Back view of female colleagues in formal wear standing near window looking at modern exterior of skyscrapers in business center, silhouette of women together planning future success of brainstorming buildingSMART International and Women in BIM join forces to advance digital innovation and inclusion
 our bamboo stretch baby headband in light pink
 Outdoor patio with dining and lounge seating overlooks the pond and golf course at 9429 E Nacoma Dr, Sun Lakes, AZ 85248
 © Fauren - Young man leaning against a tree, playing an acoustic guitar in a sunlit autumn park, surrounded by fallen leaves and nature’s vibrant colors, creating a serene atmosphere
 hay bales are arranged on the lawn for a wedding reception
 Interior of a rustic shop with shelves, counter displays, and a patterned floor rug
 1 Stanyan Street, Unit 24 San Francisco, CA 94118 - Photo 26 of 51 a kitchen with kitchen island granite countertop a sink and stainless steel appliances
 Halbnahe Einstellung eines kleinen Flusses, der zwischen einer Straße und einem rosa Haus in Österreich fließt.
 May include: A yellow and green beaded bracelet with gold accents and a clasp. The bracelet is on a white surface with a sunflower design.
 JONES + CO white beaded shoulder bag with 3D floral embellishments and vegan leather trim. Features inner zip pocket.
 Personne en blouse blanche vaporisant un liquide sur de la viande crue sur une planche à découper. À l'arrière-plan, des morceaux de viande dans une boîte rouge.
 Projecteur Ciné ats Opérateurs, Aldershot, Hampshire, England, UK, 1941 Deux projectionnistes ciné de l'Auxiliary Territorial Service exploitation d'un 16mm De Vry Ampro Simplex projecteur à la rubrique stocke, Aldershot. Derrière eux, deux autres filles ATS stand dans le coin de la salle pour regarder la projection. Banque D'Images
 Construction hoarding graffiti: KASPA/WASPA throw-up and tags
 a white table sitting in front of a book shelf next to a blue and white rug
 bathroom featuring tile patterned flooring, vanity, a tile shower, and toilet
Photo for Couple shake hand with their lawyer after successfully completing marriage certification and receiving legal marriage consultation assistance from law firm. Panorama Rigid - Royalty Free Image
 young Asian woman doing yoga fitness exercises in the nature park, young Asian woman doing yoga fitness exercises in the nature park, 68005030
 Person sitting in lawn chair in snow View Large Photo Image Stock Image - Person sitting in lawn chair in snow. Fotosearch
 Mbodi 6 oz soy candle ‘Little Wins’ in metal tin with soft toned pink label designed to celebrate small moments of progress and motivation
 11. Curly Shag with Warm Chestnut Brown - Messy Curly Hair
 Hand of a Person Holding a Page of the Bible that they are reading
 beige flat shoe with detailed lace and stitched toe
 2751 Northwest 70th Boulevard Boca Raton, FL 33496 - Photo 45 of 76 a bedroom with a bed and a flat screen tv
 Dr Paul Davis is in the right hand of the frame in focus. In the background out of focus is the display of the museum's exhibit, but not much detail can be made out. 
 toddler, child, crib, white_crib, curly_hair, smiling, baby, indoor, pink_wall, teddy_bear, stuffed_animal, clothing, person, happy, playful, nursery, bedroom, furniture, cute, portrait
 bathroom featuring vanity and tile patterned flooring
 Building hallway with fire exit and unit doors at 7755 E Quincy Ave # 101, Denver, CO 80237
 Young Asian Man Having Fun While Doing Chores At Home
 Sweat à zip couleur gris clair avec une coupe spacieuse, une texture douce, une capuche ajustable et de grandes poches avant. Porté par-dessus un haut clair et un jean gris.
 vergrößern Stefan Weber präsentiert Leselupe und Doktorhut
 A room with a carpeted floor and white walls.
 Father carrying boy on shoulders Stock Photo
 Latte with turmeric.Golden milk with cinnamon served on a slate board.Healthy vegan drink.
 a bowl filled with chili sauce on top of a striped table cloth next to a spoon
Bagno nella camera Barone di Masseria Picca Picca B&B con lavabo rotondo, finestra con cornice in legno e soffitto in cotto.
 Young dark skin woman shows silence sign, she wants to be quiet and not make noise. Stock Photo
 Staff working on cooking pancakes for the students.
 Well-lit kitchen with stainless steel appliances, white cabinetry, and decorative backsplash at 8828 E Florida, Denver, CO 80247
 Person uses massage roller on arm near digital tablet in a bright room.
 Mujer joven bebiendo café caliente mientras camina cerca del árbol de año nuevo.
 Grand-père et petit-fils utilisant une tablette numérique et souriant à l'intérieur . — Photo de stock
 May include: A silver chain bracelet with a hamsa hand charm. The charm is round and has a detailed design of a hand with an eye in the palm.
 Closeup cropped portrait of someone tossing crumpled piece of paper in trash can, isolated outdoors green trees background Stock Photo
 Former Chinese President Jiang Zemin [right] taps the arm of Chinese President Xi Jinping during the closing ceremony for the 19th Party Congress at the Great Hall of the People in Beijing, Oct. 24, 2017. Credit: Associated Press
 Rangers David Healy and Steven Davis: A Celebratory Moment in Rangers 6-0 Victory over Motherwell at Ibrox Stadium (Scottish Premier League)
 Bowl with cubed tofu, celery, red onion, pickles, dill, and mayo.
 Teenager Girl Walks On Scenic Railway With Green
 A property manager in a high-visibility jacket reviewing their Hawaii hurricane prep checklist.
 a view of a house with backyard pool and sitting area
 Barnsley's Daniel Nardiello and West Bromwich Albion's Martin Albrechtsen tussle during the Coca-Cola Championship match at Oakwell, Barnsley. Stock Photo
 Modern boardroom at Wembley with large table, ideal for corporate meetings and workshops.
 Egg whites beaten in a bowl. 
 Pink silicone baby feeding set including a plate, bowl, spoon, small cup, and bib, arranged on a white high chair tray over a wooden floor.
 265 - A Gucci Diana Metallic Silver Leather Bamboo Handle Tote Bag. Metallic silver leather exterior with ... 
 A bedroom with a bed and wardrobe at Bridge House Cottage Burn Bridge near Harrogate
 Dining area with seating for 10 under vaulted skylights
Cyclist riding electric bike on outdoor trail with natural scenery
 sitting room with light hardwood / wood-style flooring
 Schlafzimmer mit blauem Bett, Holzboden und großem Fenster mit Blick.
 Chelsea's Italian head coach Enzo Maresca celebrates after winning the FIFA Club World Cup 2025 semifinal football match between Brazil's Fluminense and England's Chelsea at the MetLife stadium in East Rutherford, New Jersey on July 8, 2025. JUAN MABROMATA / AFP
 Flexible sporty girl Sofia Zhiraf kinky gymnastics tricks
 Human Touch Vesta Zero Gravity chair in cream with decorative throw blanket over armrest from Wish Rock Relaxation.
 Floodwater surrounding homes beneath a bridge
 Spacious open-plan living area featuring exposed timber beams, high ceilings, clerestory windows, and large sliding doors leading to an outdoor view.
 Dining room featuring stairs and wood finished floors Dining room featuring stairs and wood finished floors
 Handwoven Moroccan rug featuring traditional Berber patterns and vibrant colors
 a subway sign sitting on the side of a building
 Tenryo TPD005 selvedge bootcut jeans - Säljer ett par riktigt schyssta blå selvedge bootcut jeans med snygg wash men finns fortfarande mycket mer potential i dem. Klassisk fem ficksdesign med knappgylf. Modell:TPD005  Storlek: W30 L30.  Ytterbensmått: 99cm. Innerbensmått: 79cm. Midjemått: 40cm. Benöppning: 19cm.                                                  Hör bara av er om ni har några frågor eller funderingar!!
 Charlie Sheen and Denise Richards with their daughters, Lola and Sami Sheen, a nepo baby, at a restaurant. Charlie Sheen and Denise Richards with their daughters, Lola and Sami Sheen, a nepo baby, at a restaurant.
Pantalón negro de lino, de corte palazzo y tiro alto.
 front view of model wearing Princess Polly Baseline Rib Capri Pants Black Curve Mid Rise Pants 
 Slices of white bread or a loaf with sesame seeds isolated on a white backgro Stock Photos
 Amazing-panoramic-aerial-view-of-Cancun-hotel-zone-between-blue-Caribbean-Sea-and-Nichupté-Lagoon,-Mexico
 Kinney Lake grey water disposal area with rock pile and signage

:::::

Beginning with the first line of the entries, repeat each line exactly until you have reproduced the one containing "JONES + CO white", and add nothing further.

Back view of female colleagues in formal wear standing near window looking at modern exterior of skyscrapers in business center, silhouette of women together planning future success of brainstorming buildingSMART International and Women in BIM join forces to advance digital innovation and inclusion
 our bamboo stretch baby headband in light pink
 Outdoor patio with dining and lounge seating overlooks the pond and golf course at 9429 E Nacoma Dr, Sun Lakes, AZ 85248
 © Fauren - Young man leaning against a tree, playing an acoustic guitar in a sunlit autumn park, surrounded by fallen leaves and nature’s vibrant colors, creating a serene atmosphere
 hay bales are arranged on the lawn for a wedding reception
 Interior of a rustic shop with shelves, counter displays, and a patterned floor rug
 1 Stanyan Street, Unit 24 San Francisco, CA 94118 - Photo 26 of 51 a kitchen with kitchen island granite countertop a sink and stainless steel appliances
 Halbnahe Einstellung eines kleinen Flusses, der zwischen einer Straße und einem rosa Haus in Österreich fließt.
 May include: A yellow and green beaded bracelet with gold accents and a clasp. The bracelet is on a white surface with a sunflower design.
 JONES + CO white beaded shoulder bag with 3D floral embellishments and vegan leather trim. Features inner zip pocket.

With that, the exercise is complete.